Both the aborted intervention and later actions were undertaken regarding a red line drawn by former US President Barack Obama, in which he stated that the use of chemical weapons by Assad would not only constitute a crime but would necessitate and incur international punishment.

Although it may seem as though these were unusual responses to instances of rare horror, this is not the case. The rarity of this action cannot be taken to mean that its spurs occurred rarely or in anything resembling isolation.

“Nowhere to Hide”, a report for the Global Public Policy Institute written by Tobias Schneider and Theresa Lutkefend, highlights how common chemical attacks were during Syria’s war and how central they are to the Assad regime’s military strategy.

The report tabulates at least 336 chemical attacks that likely took place in Syria since the war began in 2011. Of those, the authors estimate, 98% were carried out by the Assad regime, with the remaining two per cent the likely work of the Islamic State. Furthermore, nine-tenths ‘of all confirmed attacks occurred after the infamous “red line” incident of August 2013’, the report’s authors write.

This alone would be a startling revelation, but more concerning is the extent to which chemical warfare became central to the regime’s strategy for taking territory and winning the war.

From the first reported use of chemical munitions in Khalidiya on December 23, 2012, the use of chlorine gas has featured heavily in the way the Assad regime has fought its enemies.

Sarin, the chemical agent in use in the August 2013 attack, is harder to manufacture, with its precursor chemicals heavily sanctioned.

The Assad regime nominally gave up its chemical stockpiles in 2013, making the production of dedicated chemical weapons, rather than derivative chemical products, more difficult.

Schneider and Lutkefend note that chlorine is legal to import and that chlorine gas itself is easy and cheap to manufacture. Chlorine is less lethal than sarin and thus attracts less international attention and less outright condemnation when it is employed.

Since 2012, and intensifying after 2013, the use of chlorine has become a backbone of the regime’s strategy. It is dropped in canisters from helicopters protected by the regime’s air supremacy. When an attack is alleged, defenders of the regime declare that its victims gassed themselves.

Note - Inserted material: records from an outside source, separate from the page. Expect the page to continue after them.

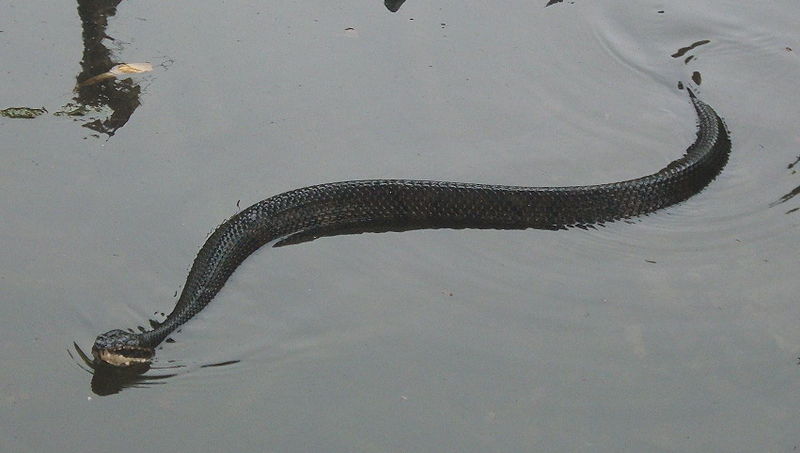 adult-cottonmouth.jpg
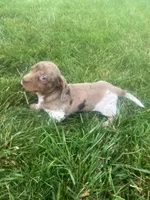 Akc Jenny, a female Miniature Dachshund for sale in Decatur, IN – 4 of 4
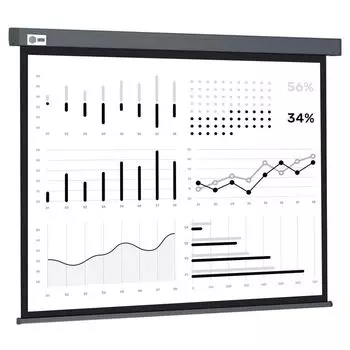 Проекционный экран Cactus
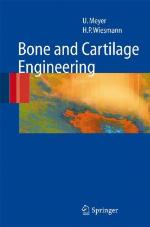 Bone and Cartilage Engineering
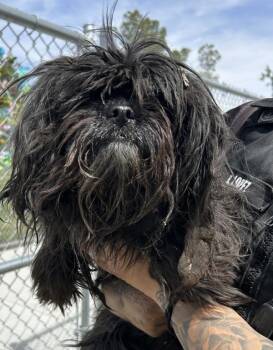 Maltese Dogs Available for Adoption in Victorville, California - Jasmine | PetCurious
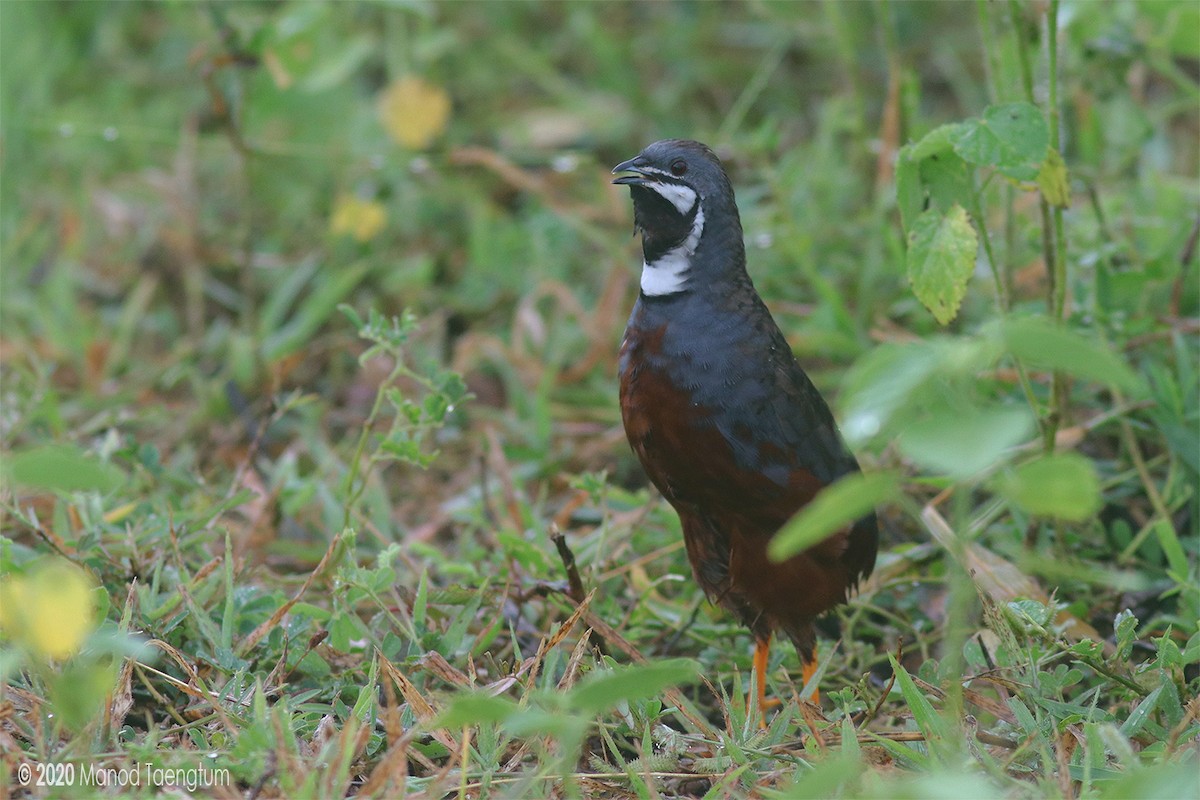 Blue-breasted Quail - ML252346121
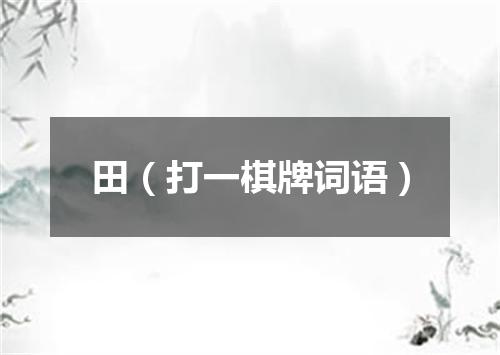田（打一棋牌词语）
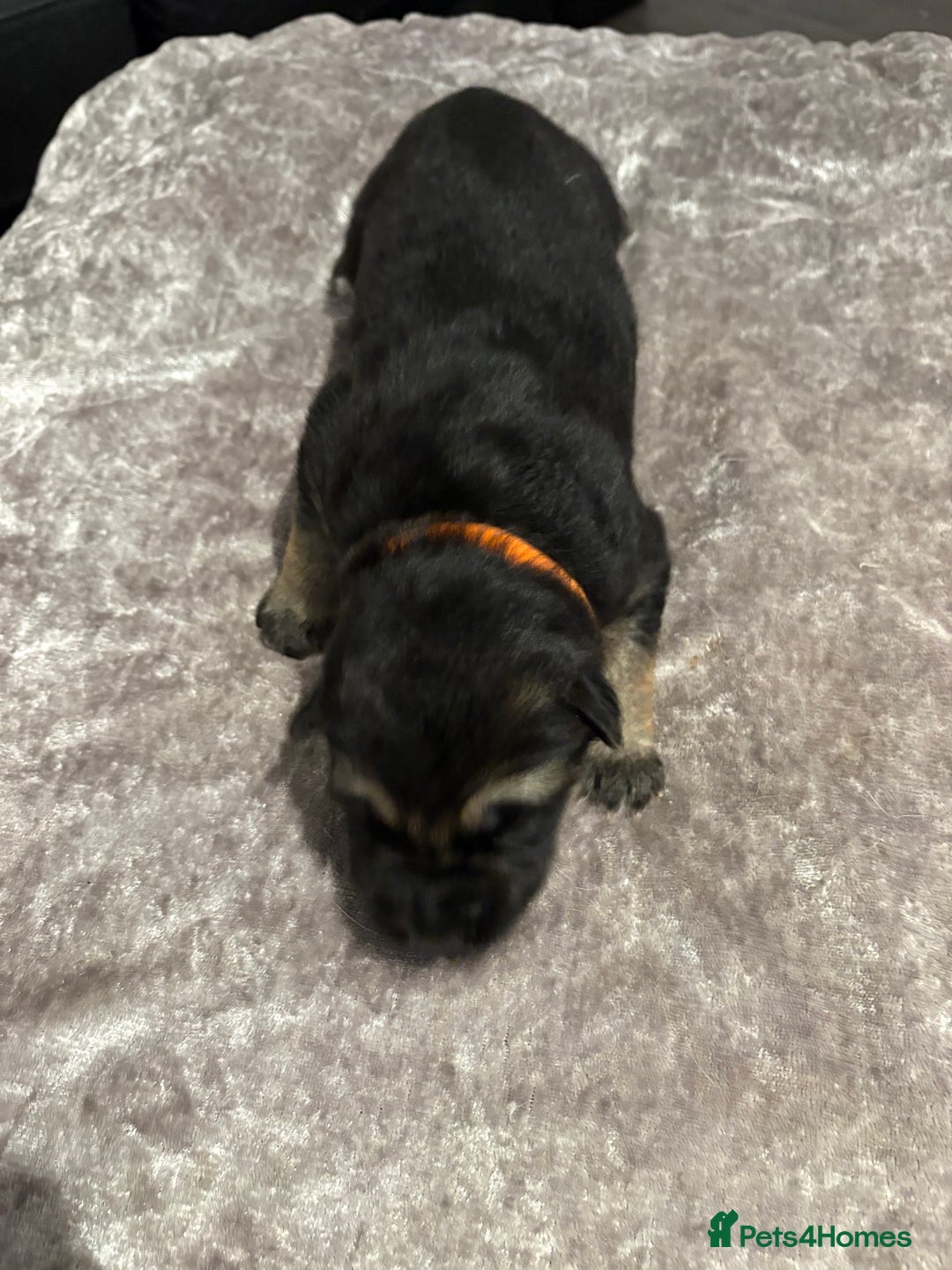Mixed Breed dogs for sale: Beautiful German shepherd puppies for sale  - Image 4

Hamish de Bretton-Gordon, a chemical weapons expert who has undertaken extensive humanitarian work in Syria, said: ‘Chemical weapons have proven to be in Syria morbidly brilliant for fighting in towns and cities. I believe Assad was first saved by the Ghouta sarin attack in August 2013 and this highlighted to the regime how good CW [chemical weapons] were.

‘He had been fighting the rebels for two years conventionally in Ghouta and they were making ground. The Ghouta attack, in my opinion, changed the shape of the conflict,’ de Bretton-Gordon said.

The tactic thus proven to work, it was employed in other battles, used to soften up or frighten entrenched urban defenders into surrender.

‘The 4-year Aleppo siege was broken by the use of chlorine barrel bombs in December 2016. Aleppo was razed to the ground and conventional bombs and bullets made no impression on those sheltering underground and in the rubble,’ de Bretton-Gordon noted. ‘The same tactic was used in Ghouta in December 2017 and Douma in April 2018.’

That the Assad regime has made chemical warfare an essential part of its campaign to reconquer Syria is one thing; that it did so without serious punishment is another.

States can use these weapons without punishment and this makes their further use more likely by other nations and by terror groups.

‘But these weapons are abhorrent, indiscriminate and target civilians much more than military’, de Bretton-Gordon said. ‘Civilians, after all, do not have gas masks.’